BRIEF:
For each entry below, copy the text exactly and leave out any picture.

[Short web captions]

------------

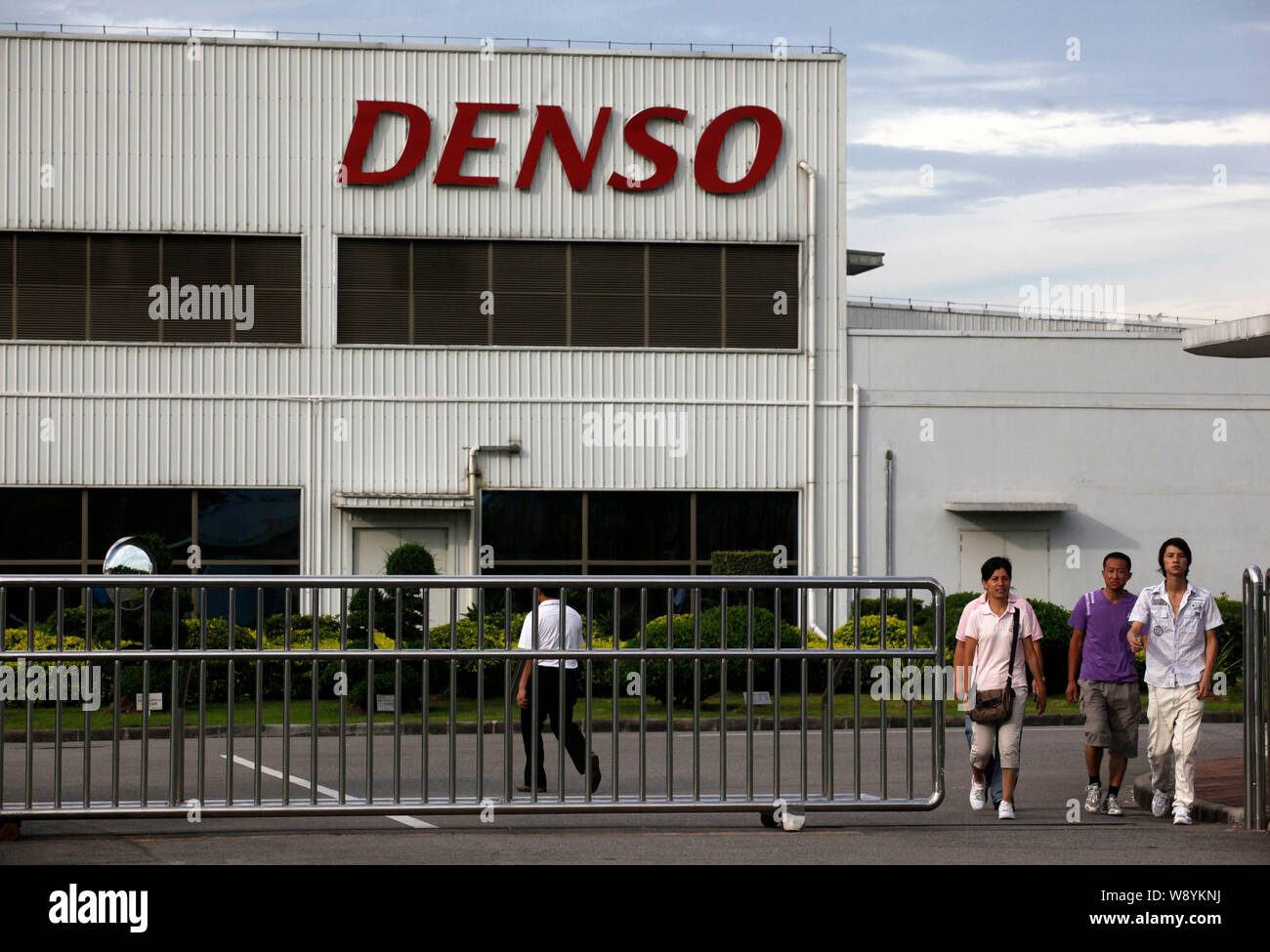 --FILE--Chinese workers leave the factory of Denso (Nansha) Co Ltd, an auto parts supplier of Toyota Motor, in Guangzhou city, south Chinas Guangdong Stock Photo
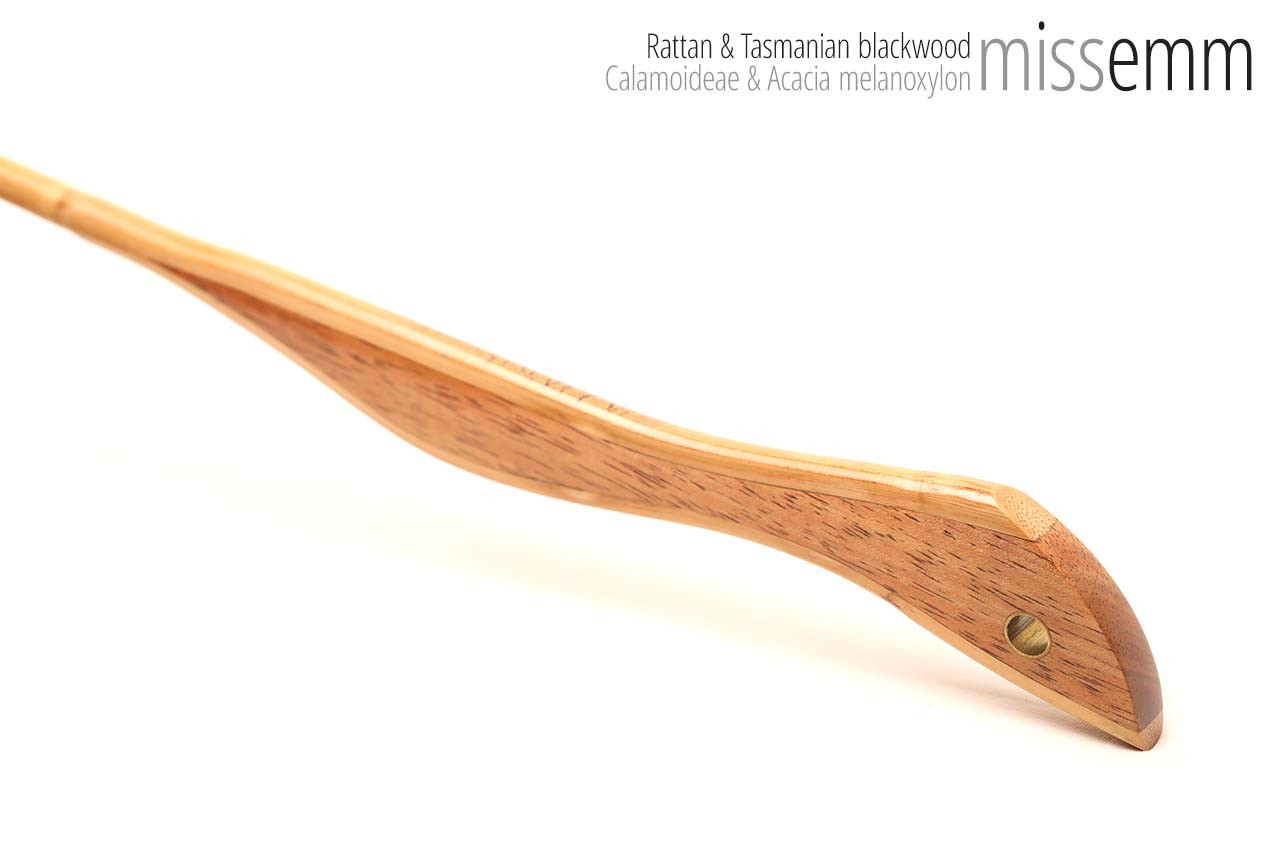 Handmade bdsm toys | Rattan cane | By kink artisan Miss Emm | The cane shaft is rattan cane and the handle has been handcrafted from Tasmanian blackwood with brass details.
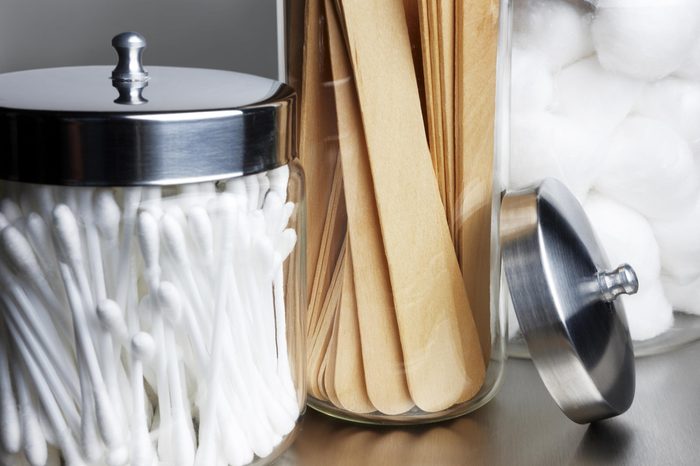 jars of cotton swabs and tongue depressors
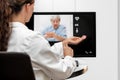 Doctor and senior woman taking the pulse, telemedicine and video Royalty Free Stock Photo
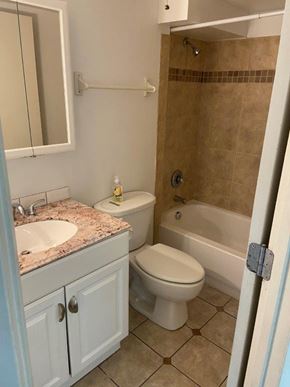 Richland apartment for rent - A bathroom with a toilet, sink, and bathtub.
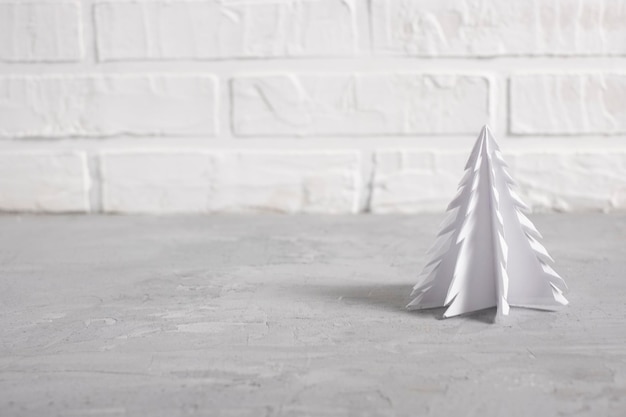 Petit sapin de Noël blanc en papier sur fond de briques claires pour le nouvel an dans un style scandinave avec espace de copie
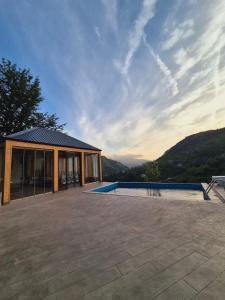 a house with a swimming pool next to a building at Hill sunny2024 in Zemo Jocho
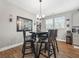Cozy dining area featuring a round table, four chairs, a modern chandelier, and natural lighting at 689 W Butternut Rd, Summerville, SC 29483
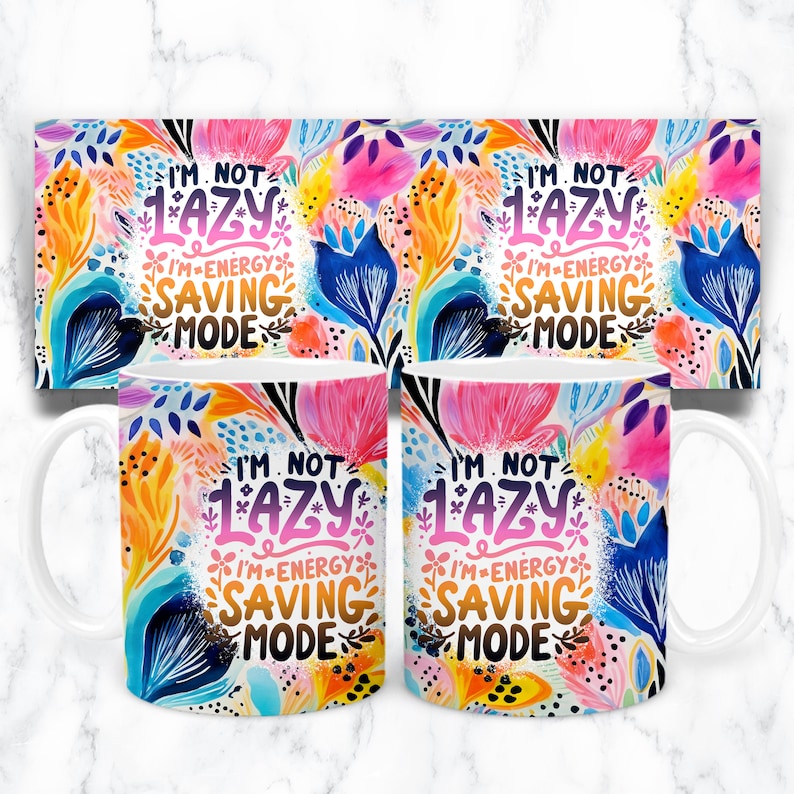 May include: White ceramic mug with a colorful floral design and the text "I'm not lazy I'm energy saving mode".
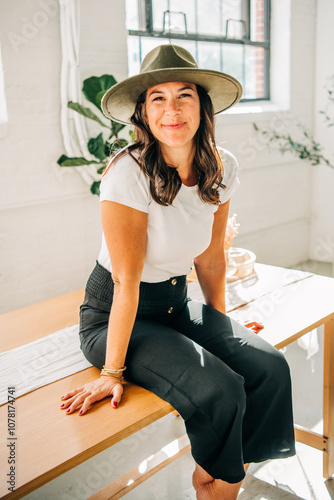 Smiling woman in hat sitting on table in bright, airy room photo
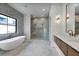 This primary bathroom offers a luxurious soaking tub, a glass-enclosed shower and dual sink vanity at 182 N Phelps Ave, Winter Park, FL 32789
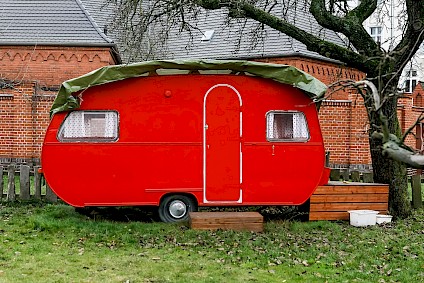 The bright red caravan in the Villa garden is always ready for fun and play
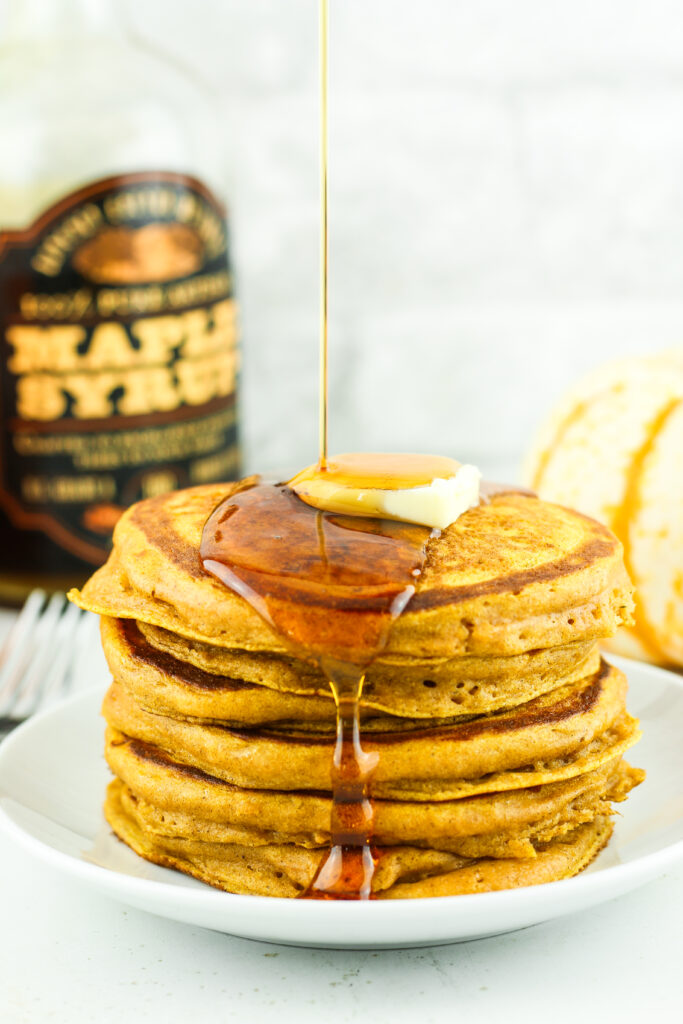 Stack of fluffy pumpkin cottage cheese pancakes.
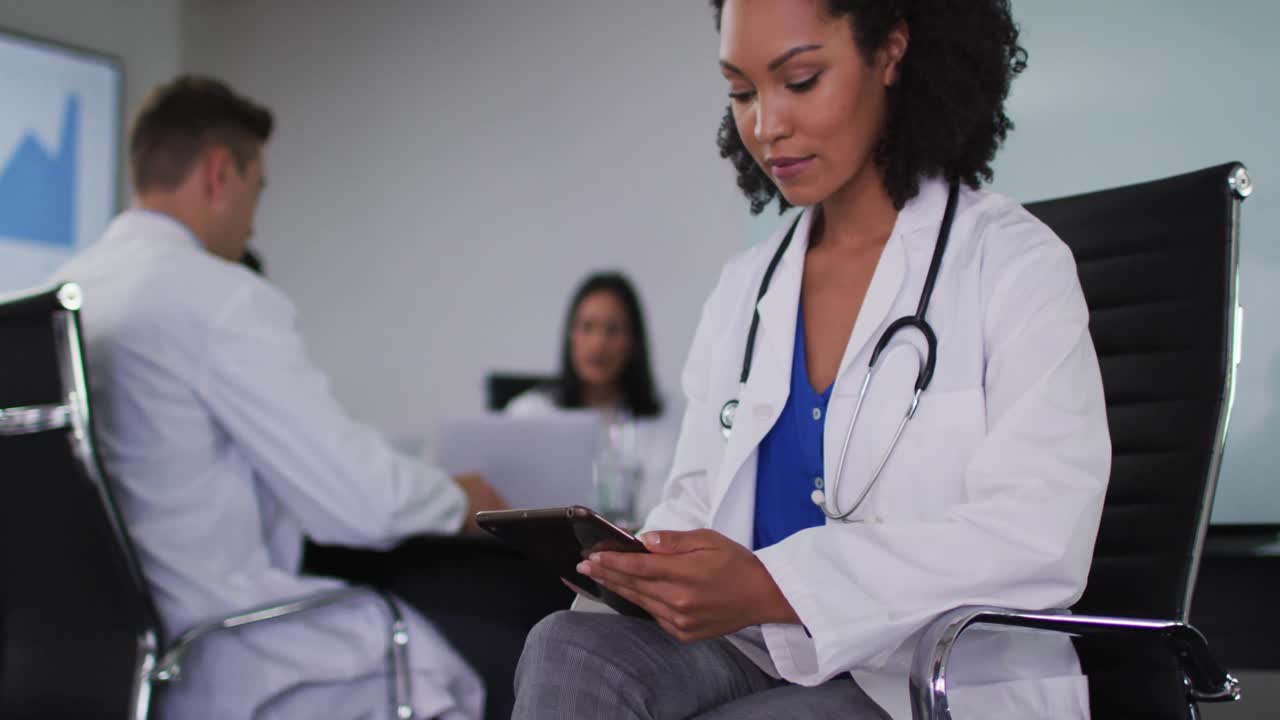 Mixed race female doctor sitting in meeting room using tablet looking to camera smiling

------------

SOLUTION FOR THIS TASK:
 --FILE--Chinese workers leave the factory of Denso (Nansha) Co Ltd, an auto parts supplier of Toyota Motor, in Guangzhou city, south Chinas Guangdong Stock Photo
 Handmade bdsm toys | Rattan cane | By kink artisan Miss Emm | The cane shaft is rattan cane and the handle has been handcrafted from Tasmanian blackwood with brass details.
 jars of cotton swabs and tongue depressors
 Doctor and senior woman taking the pulse, telemedicine and video Royalty Free Stock Photo
 Richland apartment for rent - A bathroom with a toilet, sink, and bathtub.
 Petit sapin de Noël blanc en papier sur fond de briques claires pour le nouvel an dans un style scandinave avec espace de copie
 a house with a swimming pool next to a building at Hill sunny2024 in Zemo Jocho
Cozy dining area featuring a round table, four chairs, a modern chandelier, and natural lighting at 689 W Butternut Rd, Summerville, SC 29483
 May include: White ceramic mug with a colorful floral design and the text "I'm not lazy I'm energy saving mode".
 Smiling woman in hat sitting on table in bright, airy room photo
 This primary bathroom offers a luxurious soaking tub, a glass-enclosed shower and dual sink vanity at 182 N Phelps Ave, Winter Park, FL 32789
 The bright red caravan in the Villa garden is always ready for fun and play
 Stack of fluffy pumpkin cottage cheese pancakes.
 Mixed race female doctor sitting in meeting room using tablet looking to camera smiling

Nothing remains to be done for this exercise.